Barack Obama is being politically crushed in a vise. From above, by elite opinion about his competence. From below, by mass anger and anxiety over unemployment. And it is too late for him to do anything about this predicament until after November's elections.
With the exception of core Obama Administration loyalists, most politically engaged elites have reached the same conclusions: the White House is in over its head, isolated, insular, arrogant and clueless about how to get along with or persuade members of Congress, the media, the business community or working-class voters. This view is held by Fox News pundits, executives and anchors at the major old-media outlets, reporters who cover the White House, Democratic and Republican congressional leaders and governors, many Democratic business people and lawyers who raised big money for Obama in 2008, and even some members of the Administration just beyond the inner circle. (See Obama's troubled first year, issue by issue.)
On Friday, after the release of the latest bleak unemployment data - the last major jobs figures before the midterms - Obama said, "Putting the American people back to work, expanding opportunity, rebuilding the economic security of the middle class is the moral and national challenge of our time." But elites feel the President has failed to meet that challenge and are convinced he will be unable to do so in the remainder of his term. Moreover, there is a growing perception that Obama's decisions are causing harm - that businesses are being hurt by the Administration's legislation and that economic recovery is stalling because of the uncertainty surrounding energy policy, health care, deficits, housing, immigration and spending.
And that sentiment is spreading. Many members of the general public appear deeply skeptical of Obama's capacity to turn things around, especially, but not exclusively, those inclined to dislike him - Tea Partyers and John McCain voters, but also tens of millions of middle-class Americans, including quite a few who turned out for Obama in 2008. (See how some Americans are facing the prospect of long-term unemployment.)
The misery afflicting the country has no political affiliation. Listen to the voices from this striking TV ad for Rob Portman, the Republican former Congressman and Bush budget director who is running for Senate from Ohio. One woman at a Dayton career fair says starkly, "There are no jobs." A man announces plaintively and with obvious frustration, "I've been looking for a job now for 13 months." Events like this job fair are becoming the grim iconic gatherings of our time, the breadlines for the Obama years.
Most of Obama's private (and sometimes public) rebuttals to the voices slamming him on all sides are justified or spot on. He did inherit a lot of problems from the Bush Administration. He did act quickly in the initial weeks of his Administration to stave off a worldwide depression. His efforts at job creation have been obstructed by Republicans (even the proposals based on policies supported by the GOP in the past). His opponents haven't put forth specifics of their own, nor offered genuine compromise, while the media have allowed the right's activists and gabbers to run wild with criticism without furnishing legitimate alternative solutions.(See Barack Obama's top 10 sound bites.)
But Obama has exacerbated his political problems not just by failing to enact policies that would have actually turned the economy around, but also by authorizing a series of tactical moves intended to demonize Republicans and distract from the problems at hand. He has wasted time lambasting his foes when he should have been putting forth his agenda in a clear, optimistic fashion, defending the benefits of his key decisions during the past two years (health care and the Troubled Asset Relief Program, for example) and explaining what he would do with a re-elected Democratic majority to spur growth.
Throughout the year, we have been treated to Obama-led attacks on George W. Bush and Dick Cheney, Rush Limbaugh, Congressman Joe Barton (for his odd apology to BP), John Boehner (for seeking the speakership - or was it something about an ant?) and Fox News (for everything). Suitable Democratic targets in some cases, perhaps, but not worth the time of a busy Commander in Chief.
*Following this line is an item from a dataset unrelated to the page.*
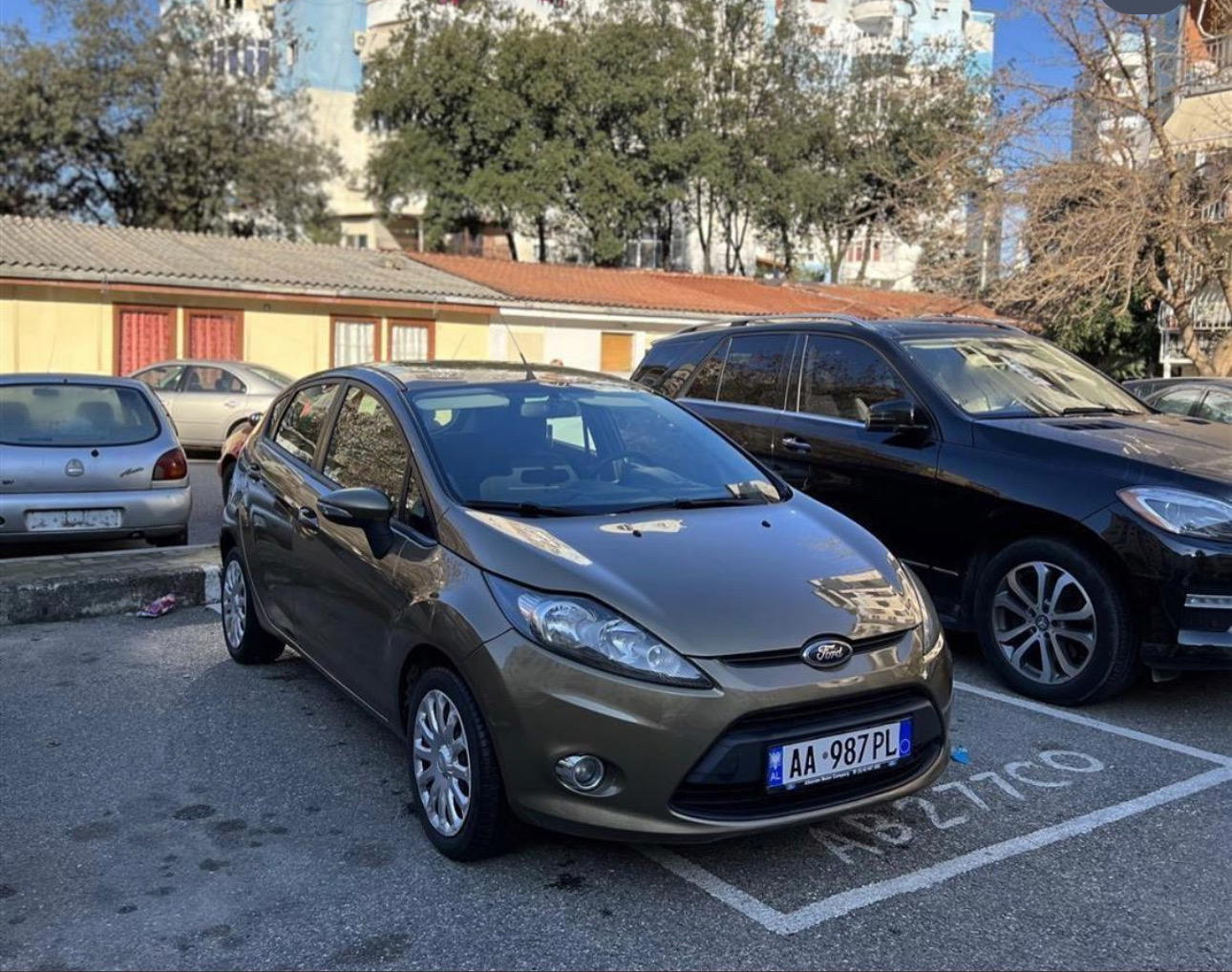 Ford Fiesta for rent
In the past few days, we have witnessed the spectacle of the President himself and his top advisers wading into allegations that Republicans are attempting to buy the election using foreign money laundered through the Chamber of Commerce, combining with Karl Rove and his wealthy backers to fund a flood of negative television commercials. Not only is this issue convoluted and far-fetched, but it also distracts from the issues voters care about, frustrating political insiders and alienating struggling citizens (not that many are following such an offbeat story line). Feinting and gibing can't obscure those job numbers. (See the best viral campaign ads of 2010.)
The President and Democrats have passed many significant measures (the stimulus spending, the auto-company rescue, the health care law and the financial regulation effort) that someday may be seen as brave and bold, the foundation for a better economy. Obama and his closest aides certainly think that will happen. But the President was correct when he said Friday, "the only piece of economic news that folks still looking for work want to hear is, 'You're hired,'" and that's still not occurring for too many Americans.
The politically good news for Obama is that no matter what the outcome of the midterm elections, everything changes in January. Republicans will have a greater obligation, politically and morally, to help govern, rather than thwart and badger. The President will get a chance, in his State of the Union address and in his budget proposal, to show he is turning the page on the political horrors of 2010 for his party and the nation. But before then, Republicans are almost certainly going to demonstrate that you can beat something with nothing, especially when Americans seem to think that the Obama Administration hasn't much to offer either, except more of the same that isn't working.